YOUR OBJECTIVE
Where an entry holds an image, skip the image but reproduce the rest word for word.

Brief descriptive captions
>>>

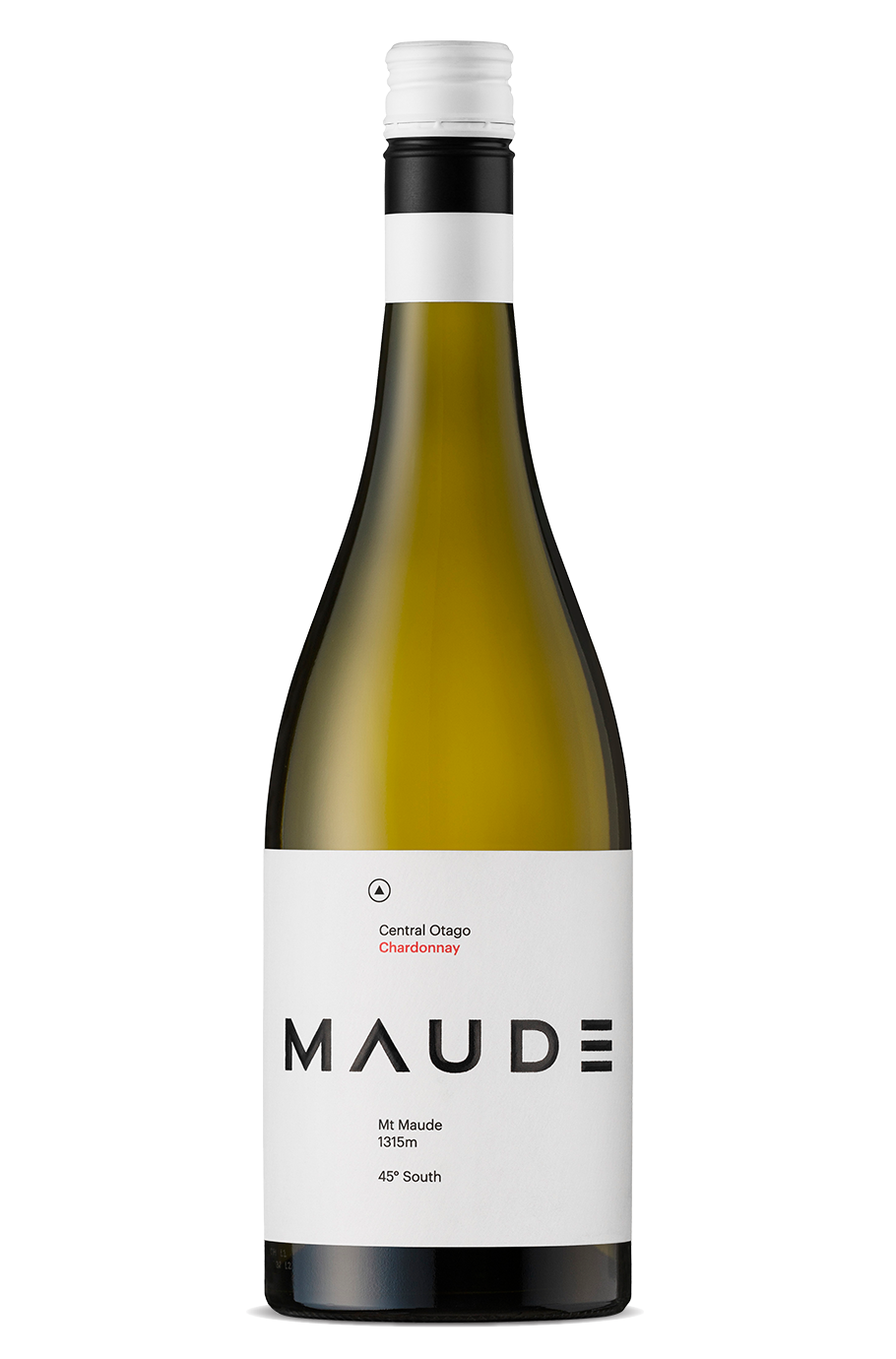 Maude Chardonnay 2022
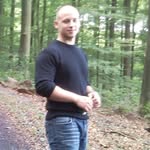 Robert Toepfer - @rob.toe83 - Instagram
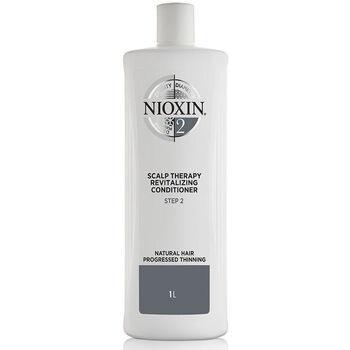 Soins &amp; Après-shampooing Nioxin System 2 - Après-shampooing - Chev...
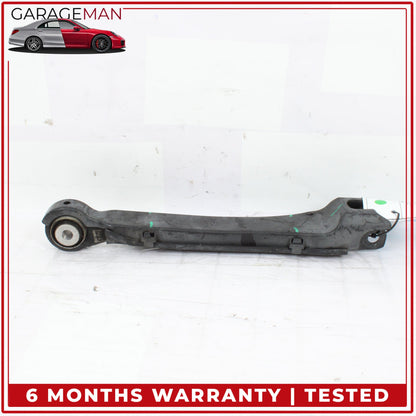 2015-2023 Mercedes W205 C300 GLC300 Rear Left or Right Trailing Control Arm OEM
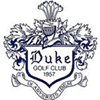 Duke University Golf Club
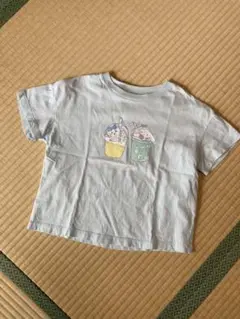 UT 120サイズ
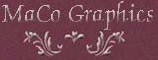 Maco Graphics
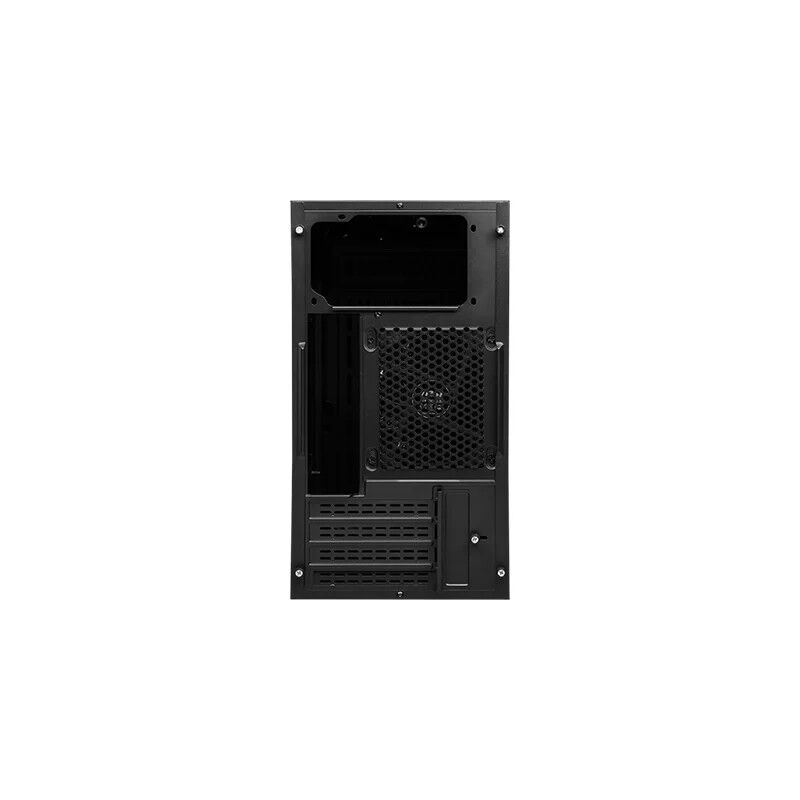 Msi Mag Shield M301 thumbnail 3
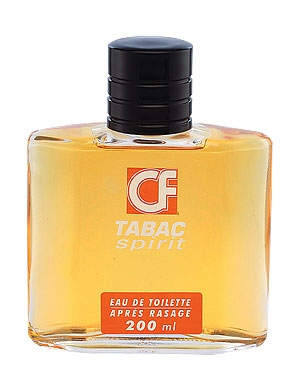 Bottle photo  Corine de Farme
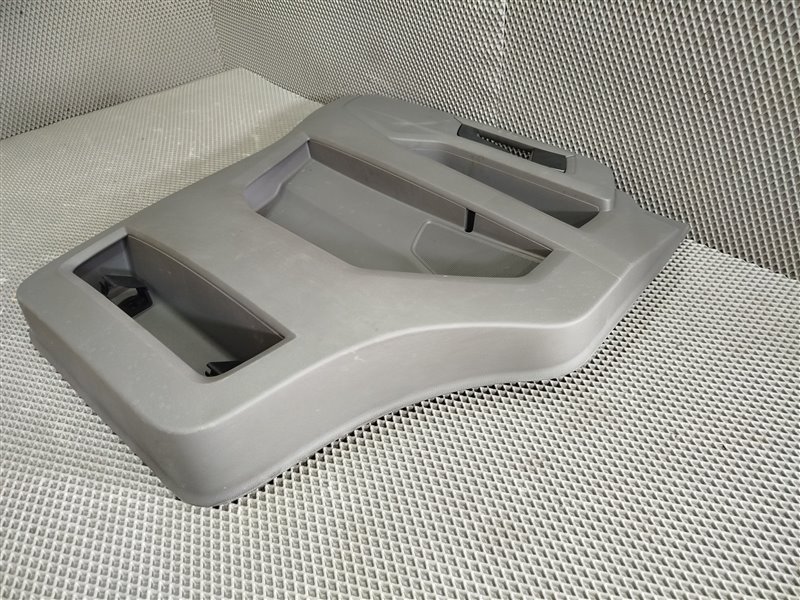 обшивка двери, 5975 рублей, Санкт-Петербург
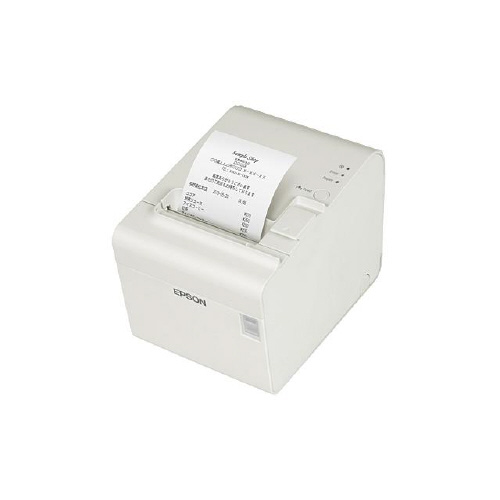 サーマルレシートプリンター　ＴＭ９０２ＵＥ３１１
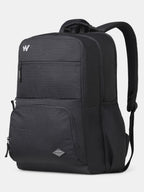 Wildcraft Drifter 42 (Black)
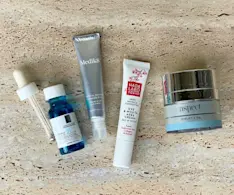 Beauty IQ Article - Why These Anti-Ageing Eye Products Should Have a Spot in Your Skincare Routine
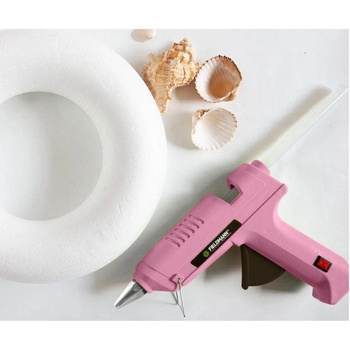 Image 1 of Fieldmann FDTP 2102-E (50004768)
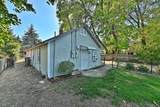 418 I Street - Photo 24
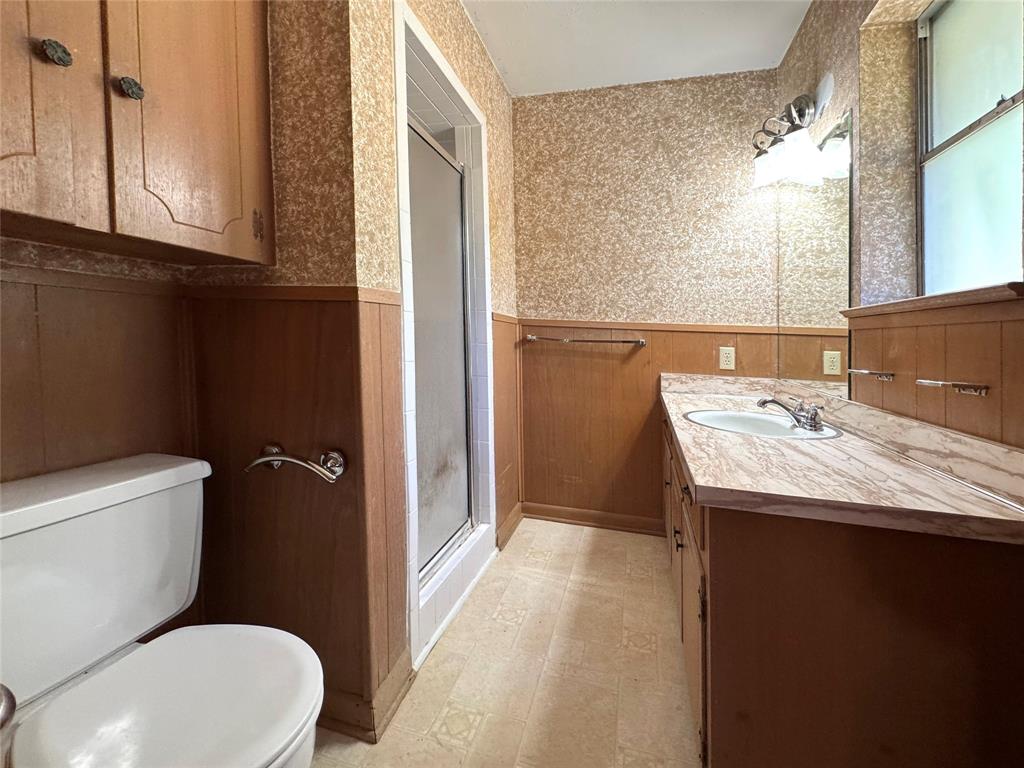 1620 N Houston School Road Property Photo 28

<<<

ANSWER AREA
 Maude Chardonnay 2022
 Robert Toepfer - @rob.toe83 - Instagram
 Soins &amp; Après-shampooing Nioxin System 2 - Après-shampooing - Chev...
 2015-2023 Mercedes W205 C300 GLC300 Rear Left or Right Trailing Control Arm OEM
 Duke University Golf Club
 UT 120サイズ
 Maco Graphics
 Msi Mag Shield M301 thumbnail 3
 Bottle photo  Corine de Farme
 обшивка двери, 5975 рублей, Санкт-Петербург
 サーマルレシートプリンター　ＴＭ９０２ＵＥ３１１
 Wildcraft Drifter 42 (Black)
 Beauty IQ Article - Why These Anti-Ageing Eye Products Should Have a Spot in Your Skincare Routine
 Image 1 of Fieldmann FDTP 2102-E (50004768)
 418 I Street - Photo 24
 1620 N Houston School Road Property Photo 28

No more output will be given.